This topic describes how you can use LoadComplete to perform load, stress and scalability testing of web pages to which you connect through the HTTPS protocol. The explanation assumes that you are familiar with recording HTTP traffic, creating virtual users, modifying properties of the recorded request and with other operations that are described in the Load Testing With LoadComplete topic.
HTTPS is used to secure data sent from one computer to another via the Internet. For instance, an HTTPS connection is established when an e-shop asks the user for a credit card number.
Secure connections do not require any special maintenance. When a secure connection is established, the user will continue working with the web site in the same way as before. However, secure connections add more work to web browsers and web server, because they have to encrypt data sent between computers.
In addition, secure and non-secure connections work via different ports. The default port for HTTPS connections is 443, while the default port for HTTP connections is 80. When a secure connection is established, the web server and Internet browser change the port automatically.
LoadComplete can record and simulate traffic using the following protocols:
SSL 2 and 3
TLS 1.0, 1.1 and 1.2
LoadComplete automatically recognizes secured connections made in:
Internet Explorer (ver. 10 and later)
Firefox (ver. 7 and later)
Client applications that use the WinINet or WinHTTP technology
Firefox (ver. 23 and later)
Other browsers and web client applications
Recorded traffic may include both secured and non-secured requests. To view requests made through secured connections:
Open the recorded user scenario for editing. To do that, right-click the scenario in the Project Explorer and then click Edit.
In the Scenario editor, click Connections on the editor toolbar. LoadComplete will show requests grouped by connections in the request tree:
Secured connections have the icon. Ordinary (non-secured) connections have the icon.
Select the needed secured connection in the Scenario Explorer. The SSL property in the Operation Editor panel shows whether LoadComplete will simulate the connection as secured during the test run.
Usually, creating load tests for secured web applications does not differ from creating tests for ordinary (non-secured) web applications.
However, if LoadComplete is not able to recognize and record secured requests in your web browser or web client application, you can record HTTP requests using non-secured connections and then switch the recorded connections to the secured mode (see the instructions below).
Change settings of the tested web server so that it can provide access to the tested pages both via secure and non-secure connections. That is, you should specify the ports that will serve the secure and non-secure connections.
The actual procedure for this depends on the web server you use. You may need to consult with the administrator of the web server under test.
Record a scenario for HTTPS load testing in the usual way. For complete information on how to do this, see Recording New Scenario.
In the recorded scenario, change the connection parameters:
Open the recorded scenario in the Scenario editor.
Click Connections on the editor’s toolbar. LoadComplete will group the recorded requests by connections.
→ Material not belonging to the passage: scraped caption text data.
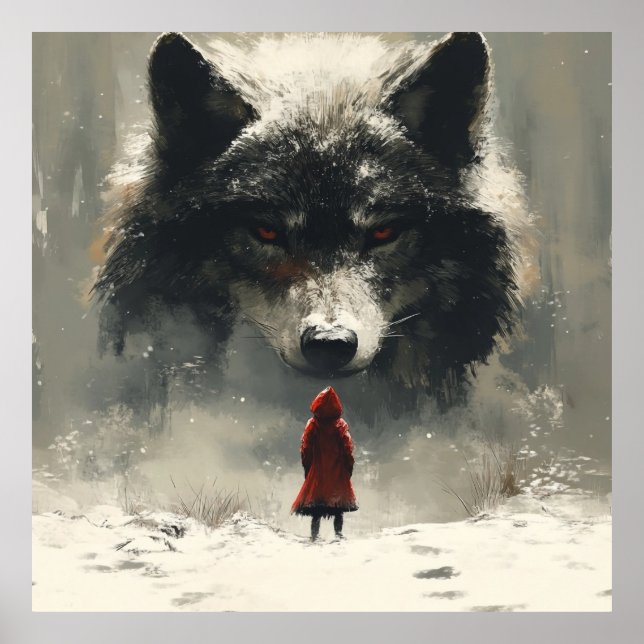 Póster the final batlle of little redhood  (Frente)
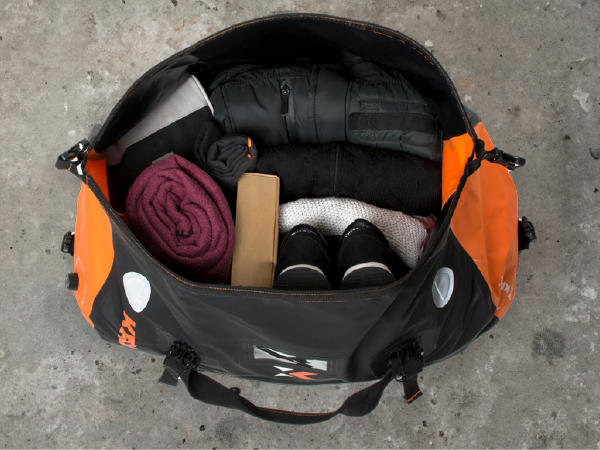 Amazon.com: KRONOX Waterproof Duffle Bag for Motorcycle Back
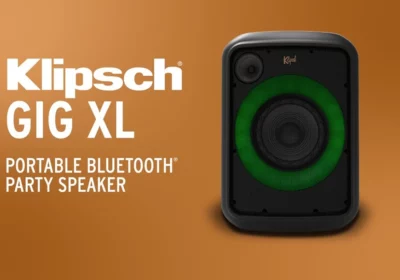 Enceinte Bluetooth GIG XL Klipsch  (GIGKLIPSHXC) Barres de Son, Enceintes & Radios Votre Magasin de Meuble et Électroménager à La Réunion !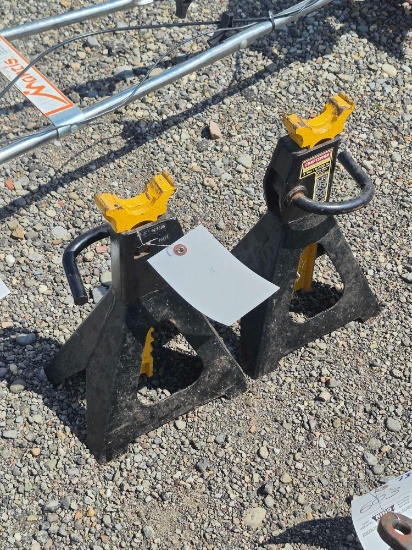 2 Craftsman 3-Ton Jack Stands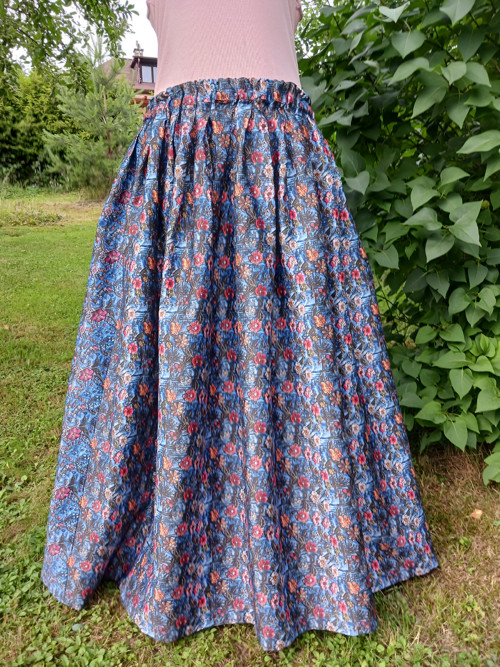 Sukně barevné květy — foto 2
In the Scenario Explorer, select the connection whose requests must be secured.
In the Operation Editor panel, select the SSL check box.
Set the Port parameter to 443 (it is a default port for HTTPS connections).
Save the changes.
In the same way, change the properties of every connection that you want to work in secure mode.
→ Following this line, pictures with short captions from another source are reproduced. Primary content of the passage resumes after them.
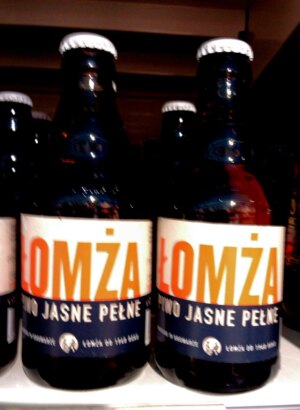 Łomża Jasne Pełne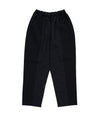 Pop Japan Exclusive Two Tone Football Pant Black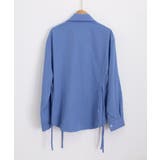 リボンシェイプシャツブラウス レディース | Miniministore | 詳細画像19 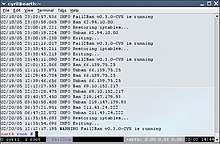 Opis obrazu Fail2ban screenshot.jpg.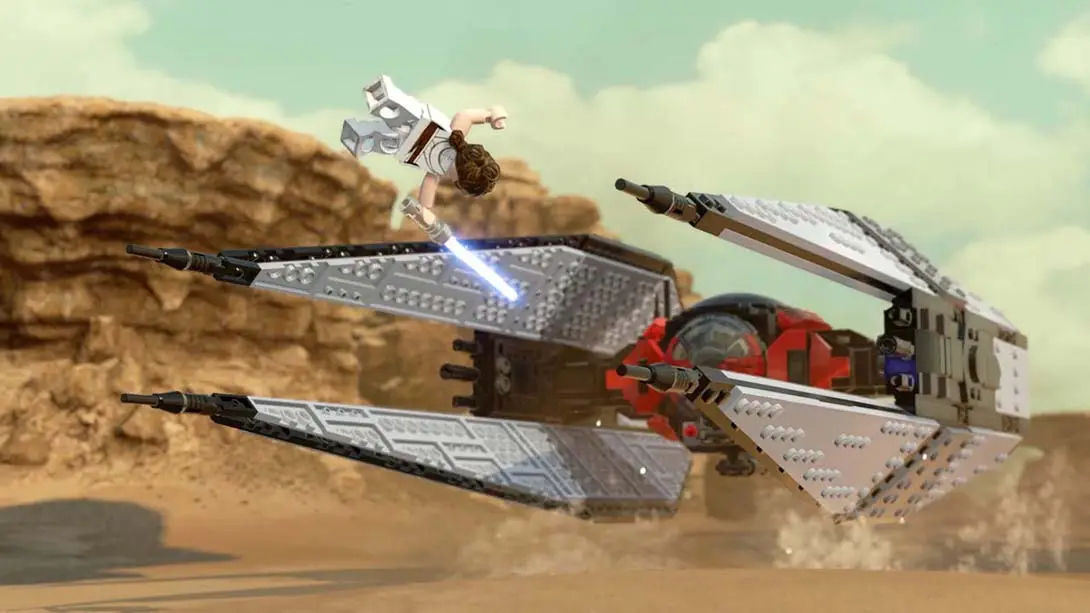 图片[1]-[Switch]乐高星球大战：天行者传奇 LEGO Star Wars： The Skywalker Saga-梦境潮玩-mjcw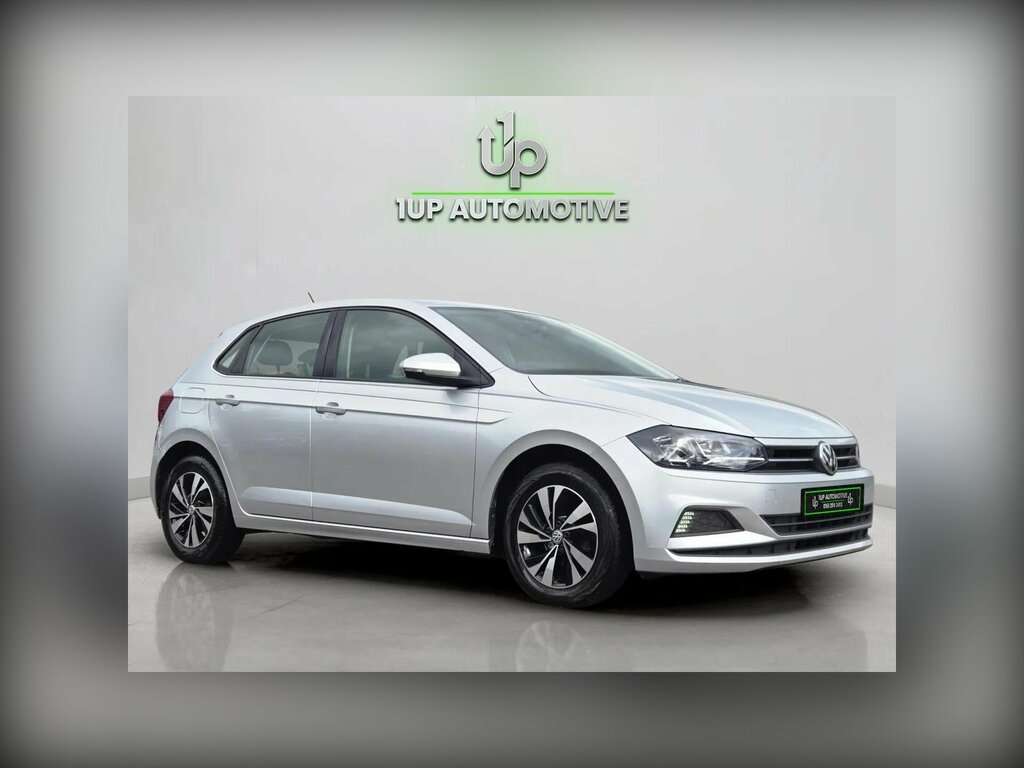 Volkswagen Polo 1.0 Evo Se Euro 6 Ss Silver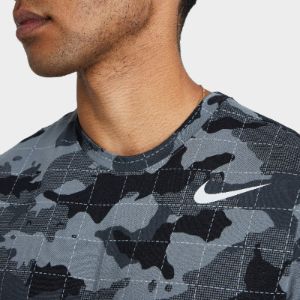 Nike Dri-FIT Camo Training T-shirt / Smoke Grey sold by JD Sports
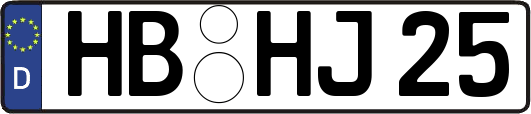 HB-HJ25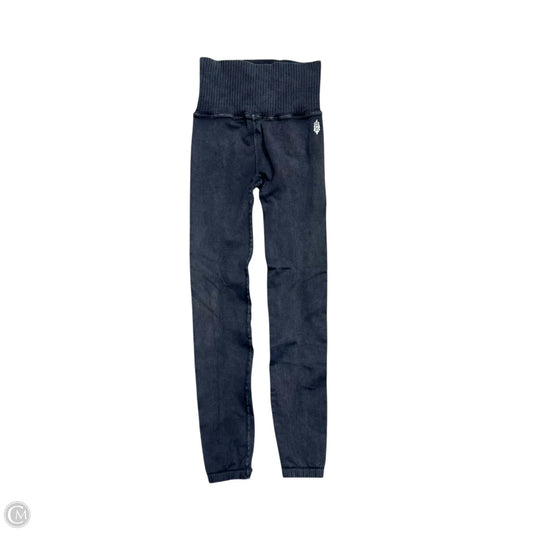 Athletic Leggings By Free People In Grey, Size: 0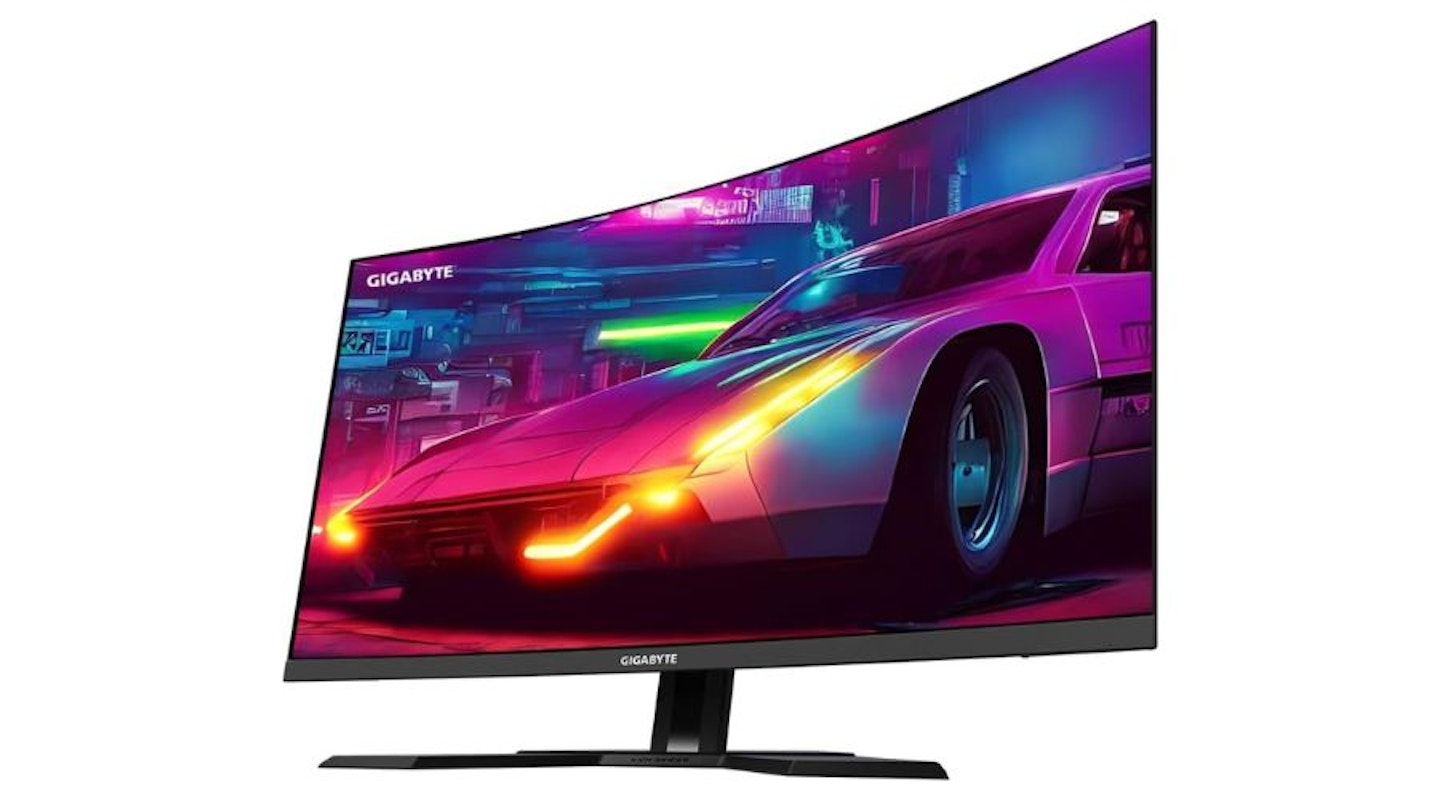 Gigabyte M32UC-EK Curved 4K Gaming Monitor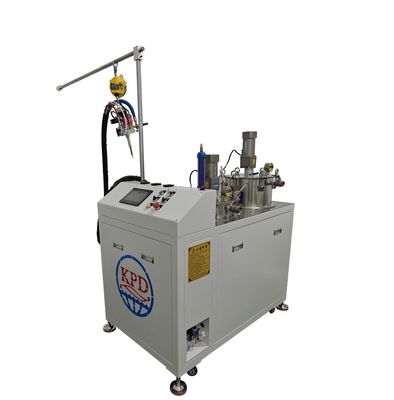 2 Part Epoxy Meter Mix Dispensing Machine for LED Lights KPD Automation Epoxy Machine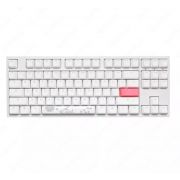 Клавиатура Ducky One 2 TKL RGB DKON1787ST-PUSPDWWT1 Cherry SPEED SILVER US White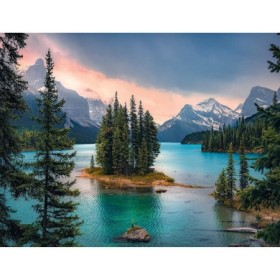Puzzle Insula Spirit Canada, 2000 Piese Ravensburger - 1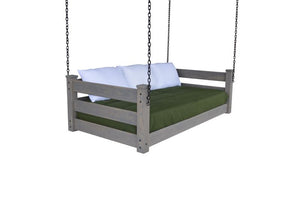 Homestead Hanging Daybed with Rope or Chain - Twin or Full Beds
Run the scenario in the usual way.
When you connect to a secured web site, your browser gets information about the web server’s security certificate. If there is a problem with the certificate or with the way the server uses it, it shows a notification message about the problem and asks your permission to continue working with the web site.
When you are testing a secured web site with LoadComplete, the test engine ignores the certification errors and always considers the certificate as valid.
If you record HTTPS traffic in Firefox, you may get the This Connection Is Untrusted message. This can happen because LoadComplete replaces the tested web site’s certificate with its own certificate and Firefox may not be able to validate that certificate.
To ignore the message and continue recording:
Click I Understand the Risks.
Then click Add Exception.
In the Add Security Exception dialog, click Confirm Security Exception.
|Remember to remove the connection from the exception list when the testing is over.|
As an alternative, record the needed traffic in another web browser.
If you record a scenario in Firefox for a web server that uses HSTS mechanics, the server may decline your requests due to security reasons. You will get the This Connection is Untrusted warning message with no I Understand the Risks button.
To avoid the issue:
Configure Firefox to use a Windows certificate store as described in Preparing Web Browsers and Web Applications.
Record your scenario in Firefox using the browser’s private mode.
As an alternative, you can record the needed scenario in another web browser.
LoadComplete posts information on authentication errors and their possible causes to the test log. If such an error occurs, examine the Details panel of the test results.
Starting from version 3.2, LoadComplete no longer supports Windows XP and Windows Server 2003. Starting from version 4.7, LoadComplete no longer supports Windows Vista. Starting from version 4.9, LoadComplete no longer supports Windows Server 2008. You cannot record scenarios and run load tests on these operating systems.